Wednesday, February 23, 2011

Ka`u News Briefs Feb. 23, 2011

Guy Enriques
GUY ENRIQUES is calling for more community input and negotiations with ‘Aina Koa Pono, the company planning a refinery above Pahala and a 13,000-acre energy farm between Pahala and Na`alehu. The former county councilman and founder of the community group `O Ka`u Kakou is calling for a Memorandum of Agreement between the biofuels company and the community and said more local people should be involved. “For a big change as this is, the people of Pahala should be over here making a decision. My first concern is for people who have deep roots in this place that’s going to be here when you do this, that’s going to be here after you’re done and for whatever is coming,” he told representatives of `Aina Koa Pono at the community meeting on Monday. “Too many times I’ve seen other people make decisions for the people who live here. Those guys come and go, but the guys who's got roots deep in this ground are not going to go anywhere. Those are the people who are not being heard,” said Enriques. He also stated that he appreciates the jobs that would be brought to the community.

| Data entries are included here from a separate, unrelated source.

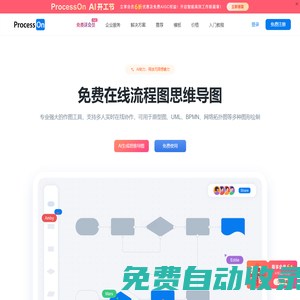 ProcessOn思維導(dǎo)圖流程圖-在線畫思維導(dǎo)圖流程圖_在線作圖實(shí)時(shí)協(xié)作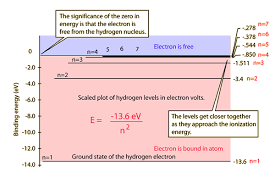 hydrogen energies and spectrum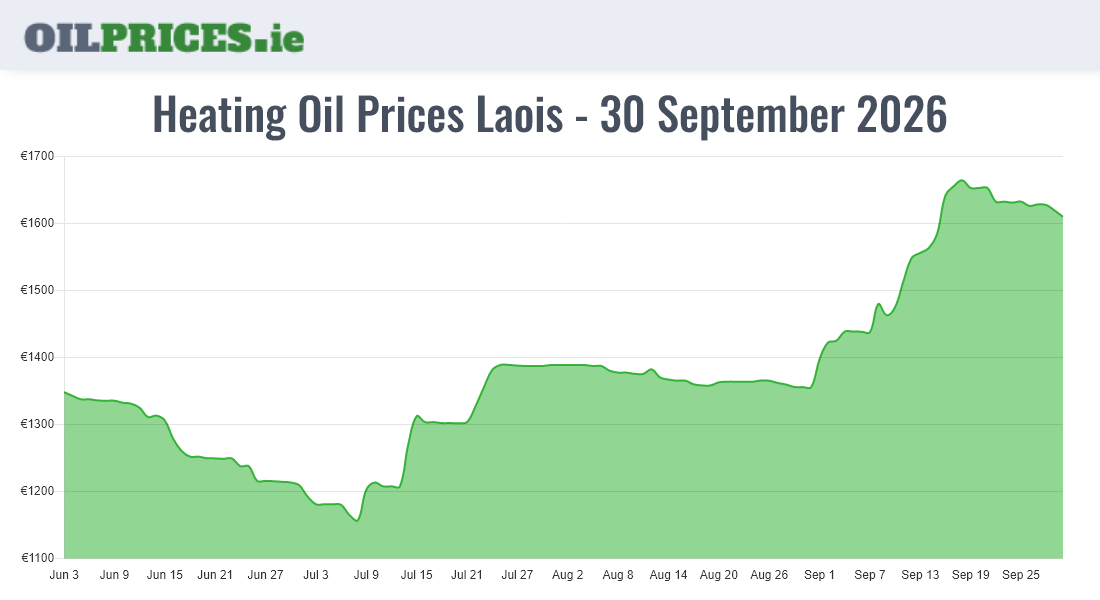 Highest Oil Prices Laois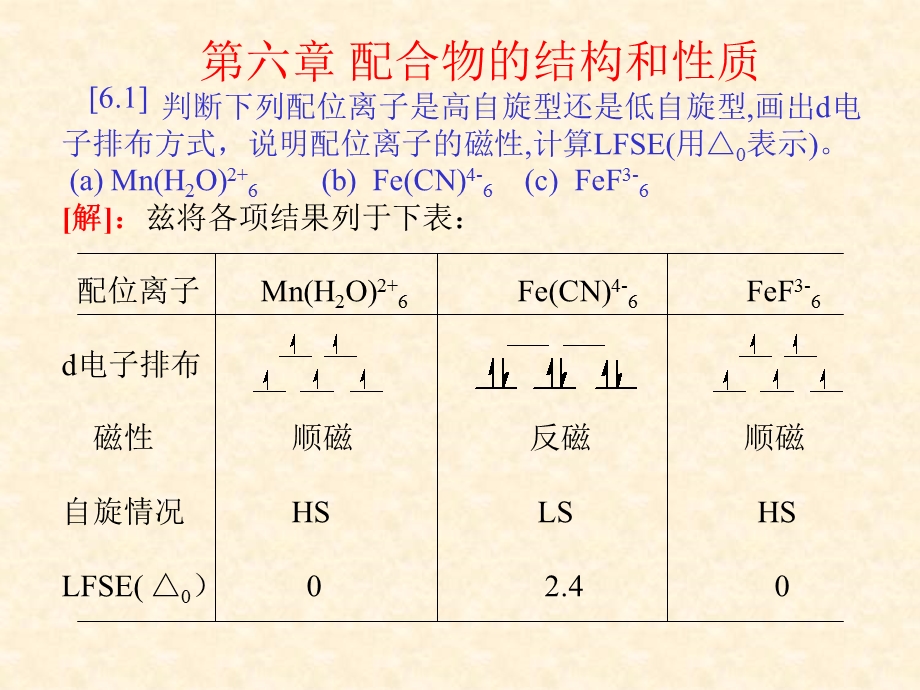 结构化学习题解答6(北大).ppt_第2页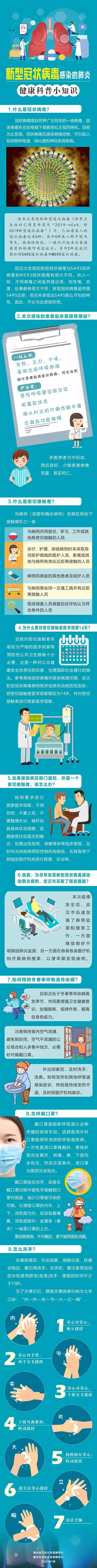 经济日报：新型冠状病毒感染的肺炎有哪些症状？你想知道的全在这里！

HAWAIIAN ELECTRIC LIGHT CO. wrote about its agreement to purchase biofuels from ‘Aina Koa Pono in its February newsletter to all its customers. It said the effort “is an important step in reaching Hawai`i’s clean energy goal of supplying 70 percent of the energy needed for electricity and transportation from clean resources by 2030. Under the contract, `Aina Koa Pono would provide 14 million gallons of biofuel per year in 2014, increasing to 16 million gallons per year in 2015, for a total of 20 years.
     While the biofuel would be used primarily at the Keahole Power Plant near the airport in Kona, the contract provides for flexibility in delivery of the biofuel to other generation stations on the Big Island, Maui County and on O`ahu.
     To fund the purchase of the biofuel, electric bills would go up less than one third of a cent per kilowatt-hour to a typical residential customer’s bill. “Because fossil fuel oil prices are expected to continue their erratic climb, in time the cost of ‘Aina Koa Ono biofuel is expected to be less than the oil it displaces,” the newsletter states.
     According to HELCO, the biofuel will comply with sustainable sourcing standards developed by the Hawaiian Electric companies in partnership with the Natural Resources Defense Council.

Puna Geothermal is a site visit for the governor's cabinet
and state legislators this weekend.

A TOUR OF BIG ISLAND BUSINESSES AND COMMUNITY PROJECTS is on the agenda for public officials this weekend. Sen. Gil Kahele, Department of Agriculture Chair Russell Kokubun and Department of Land & Natural Resources Deputy Chair Guy Kaulukukui are expected to join other members of the governor’s cabinet and legislators on the two-day tour. They plan to visit Puna Geothermal Venture’s power plant to hear a presentation by the Hawai`i Island Geothermal Working Group’s chairs Wally Ishibashi and Richard Ha. They will also visit Ha’s Hamakua Springs Farm, north of Hilo, Greenpoint Nursery and the proposed Hu Honua bioenergy power plant in Pepeekeo. They also plan to visit the Kamuela Vacuum Cooling plant to discuss its role in the future of diversified agriculture and will head up Mauna Kea to look at the site for the proposed Thirty-Meter Telescope. 

Artist's rendering of the proposed
Thirty-Meter Telescope
for Mauna Kea.
THE THIRTY-METER TELESCOPE is on the agenda this Friday for the meeting of the state Board of Land & Natural Resources, which decides whether to approve a conservation use permit to allow the construction of the $1 billion, 184-foot-tall telescope, with its 18,000 square-foot support building. The BLNR will also decide whether to allow a contested case hearing on the issue, which has been called for by some environmental and Hawaiian cultural groups. Mayor Billy Kenoi, the University of Hawai`i, and numerous scientific and business organizations are calling for approval, stating that the project will generate 300 construction jobs for eight years and 140 permanent jobs. The observatory would also put $1 million a year into local education programs as part of its community benefits package. 

HOW IMPACT FEES AFFECT ME is the title of County Council member Brittany Smart’s talk story session tonight at Na`alehu Community Center at 7 p.m. Smart and council member Pete Hoffmann will talk about an alternative to the current Fair Share money contributions imposed on developers during zoning changes and subdivision approvals.

THE COMMUNITY BOOKSTORE at the Kauaha`ao Church in Wai`ohinu is open today and every Wednesday from 10 a.m. to 3 p.m.